From mboxrd@z Thu Jan  1 00:00:00 1970
Return-Path: <linux-kernel-owner@vger.kernel.org>
Received: (majordomo@vger.kernel.org) by vger.kernel.org via listexpand
	id S1752284AbbKGIkL (ORCPT <rfc822;w@1wt.eu>);
	Sat, 7 Nov 2015 03:40:11 -0500
Received: from www.linutronix.de ([62.245.132.108]:34856 "EHLO
	Galois.linutronix.de" rhost-flags-OK-OK-OK-OK) by vger.kernel.org
	with ESMTP id S1750832AbbKGIjl (ORCPT
	<rfc822;linux-kernel@vger.kernel.org>);
	Sat, 7 Nov 2015 03:39:41 -0500
Date: Sat, 7 Nov 2015 09:38:36 +0100 (CET)
From: Thomas Gleixner <tglx@linutronix.de>
To: Dan Williams <dan.j.williams@intel.com>
cc: "H. Peter Anvin" <hpa@zytor.com>,
        Ross Zwisler <ross.zwisler@linux.intel.com>,
        Jeff Moyer <jmoyer@redhat.com>,
        linux-nvdimm <linux-nvdimm@ml01.01.org>, X86 ML <x86@kernel.org>,
        Dave Chinner <david@fromorbit.com>,
        "linux-kernel@vger.kernel.org" <linux-kernel@vger.kernel.org>,
        Ingo Molnar <mingo@redhat.com>, Jan Kara <jack@suse.com>
Subject: Re: [PATCH 0/2] "big hammer" for DAX msync/fsync correctness
In-Reply-To: <CAPcyv4inLULjoc-7=c3AZBLFriJkYAJ+nmx3Wou49SVTcCeh5w@mail.gmail.com>
Message-ID: <alpine.DEB.2.11.1511070919160.4032@nanos>
References: <1446070176-14568-1-git-send-email-ross.zwisler@linux.intel.com> <x49lhamljhe.fsf@segfault.boston.devel.redhat.com> <20151028225112.GA30284@linux.intel.com> <CAPcyv4jYc_Ai+9st_QgzuWNMMHCQ-j6pe4R0XEWy5-mEb1_X5Q@mail.gmail.com>
 <alpine.DEB.2.11.1511060854570.4032@nanos> <CAPcyv4jJ3f=HC7p08KQwH4Q0+JzwqYJ8tw43j=7f8zSfOjpO2w@mail.gmail.com> <alpine.DEB.2.11.1511061832590.4032@nanos> <CAPcyv4iptRuGb0O13+LN0Qv7XUDdJYG6TCJNOVMASDTLw90gtw@mail.gmail.com> <563D4B2F.9010608@zytor.com>
 <alpine.DEB.2.11.1511070746190.4032@nanos> <CAPcyv4inLULjoc-7=c3AZBLFriJkYAJ+nmx3Wou49SVTcCeh5w@mail.gmail.com>
User-Agent: Alpine 2.11 (DEB 23 2013-08-11)
MIME-Version: 1.0
Content-Type: TEXT/PLAIN; charset=US-ASCII
X-Linutronix-Spam-Score: -1.0
X-Linutronix-Spam-Level: -
X-Linutronix-Spam-Status: No , -1.0 points, 5.0 required,  ALL_TRUSTED=-1,SHORTCIRCUIT=-0.0001,URIBL_BLOCKED=0.001
Sender: linux-kernel-owner@vger.kernel.org
List-ID: <linux-kernel.vger.kernel.org>
X-Mailing-List: linux-kernel@vger.kernel.org

On Sat, 7 Nov 2015, Dan Williams wrote:
> On Fri, Nov 6, 2015 at 10:50 PM, Thomas Gleixner <tglx@linutronix.de> wrote:
> > On Fri, 6 Nov 2015, H. Peter Anvin wrote:
> >> On 11/06/15 15:17, Dan Williams wrote:
> >> >>
> >> >> Is it really required to do that on all cpus?
> >> >
> >> > I believe it is, but I'll double check.
> >> >
> >>
> >> It's required on all CPUs on which the DAX memory may have been dirtied.
> >>  This is similar to the way we flush TLBs.
> >
> > Right.
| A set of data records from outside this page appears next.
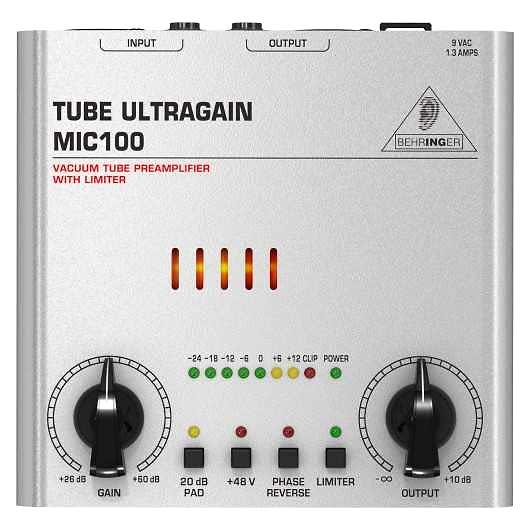 Behringer MIC100 Tube Ultragain Preamplifier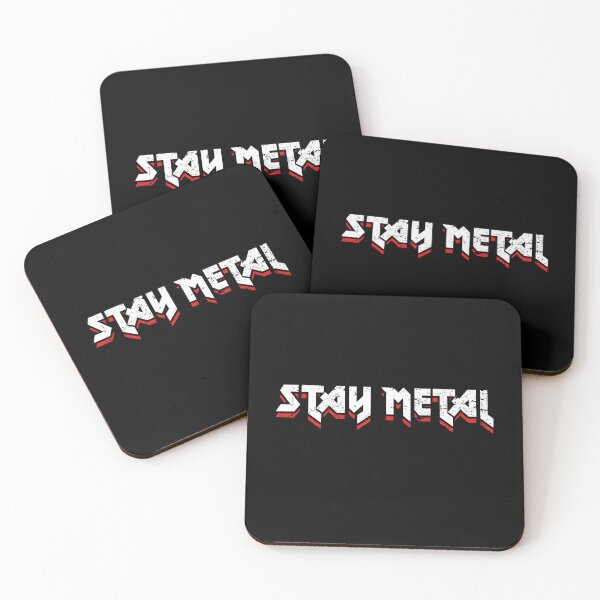 Item preview, Stay Metal Heavy Metal Quote Music Guitarist Metal Musician Quote designed and sold by sillyquestions.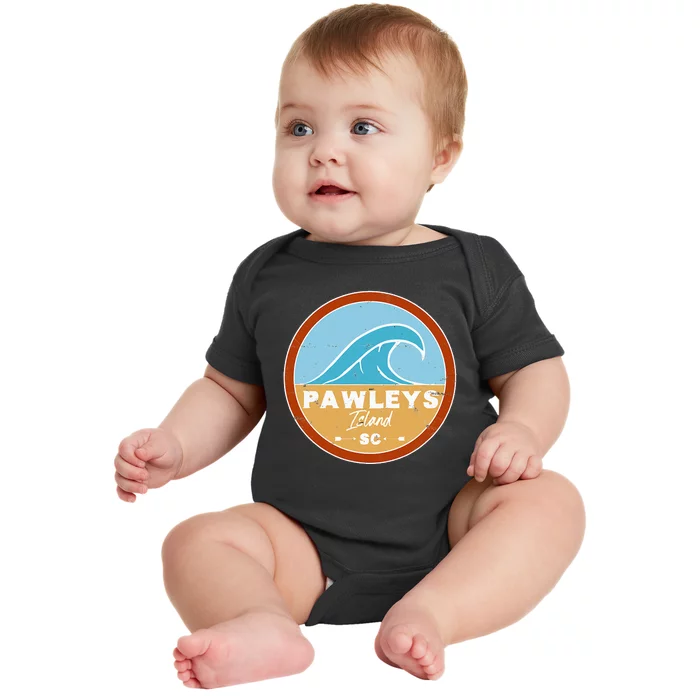 Cute Pawleys Island Beach South Carolina Sc Beach Lover Baby Bodysuit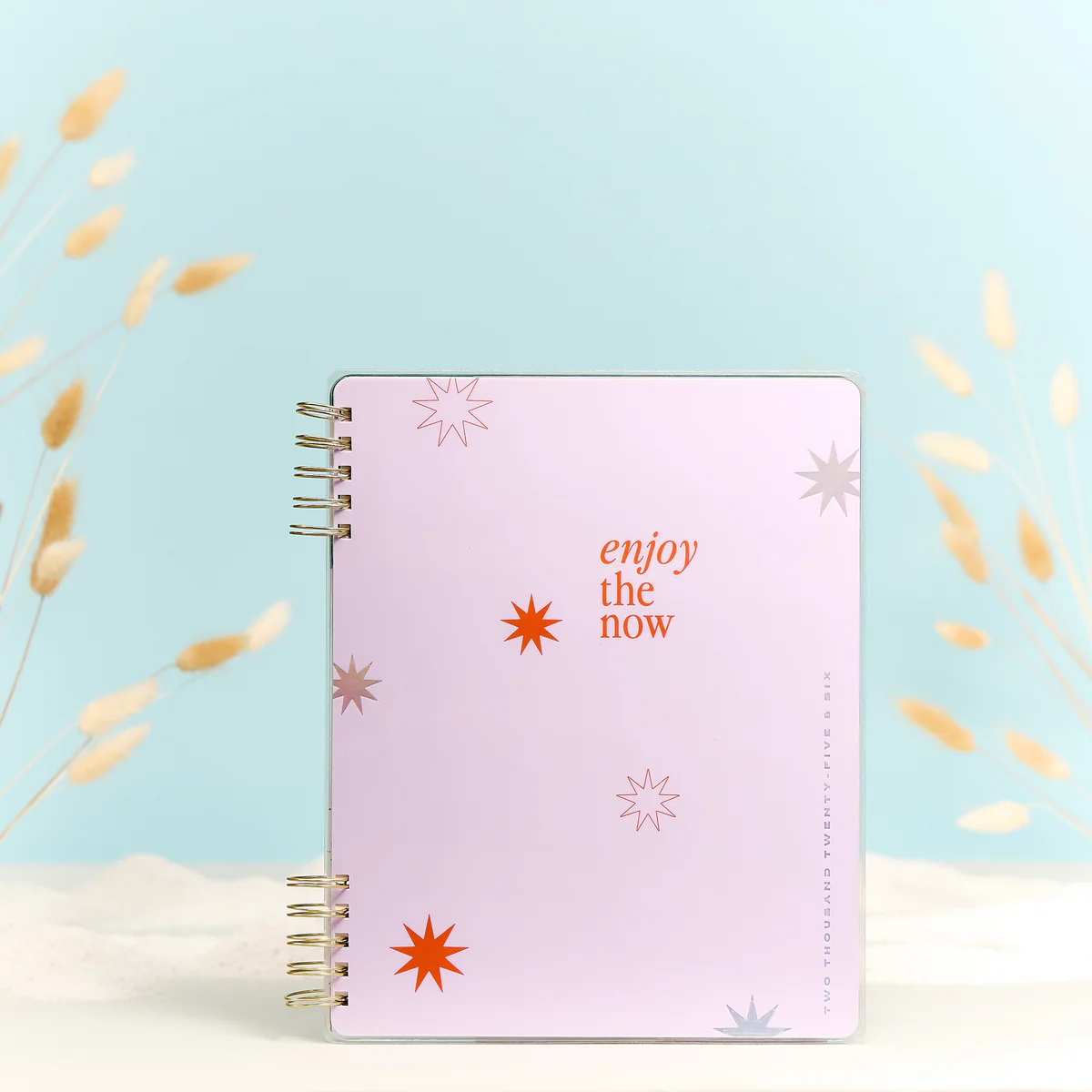 2025–2026 Soft Pop Customizable Spiral Planner - Big Dashboard Layout - 12 Months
And that's exactly the problem: "may have been dirtied"
> >
> > If DAX is used on 50% of the CPUs and the other 50% are plumming away
> > happily in user space or run low latency RT tasks w/o ever touching
> > it, then having an unconditional flush on ALL CPUs is just wrong
> > because you penalize the uninvolved cores with a completely pointless
> > SMP function call and drain their caches.
> >
> 
> It's not wrong and pointless, it's all we have available outside of
> having the kernel remember every virtual address that might have been
> touched since the last fsync and sit in a loop flushing those virtual
> address cache line by cache line.
> 
> There is a crossover point where wbinvd is better than a clwb loop
> that needs to be determined.

This is a totally different issue and I'm well aware that there is a
tradeoff between wbinvd() and a clwb loop. wbinvd() might be more
efficient performance wise above some number of cache lines, but then
again it's draining all unrelated stuff as well, which can result in a
even larger performance hit.

Now what really concerns me more is that you just unconditionally
flush on all CPUs whether they were involved in that DAX stuff or not.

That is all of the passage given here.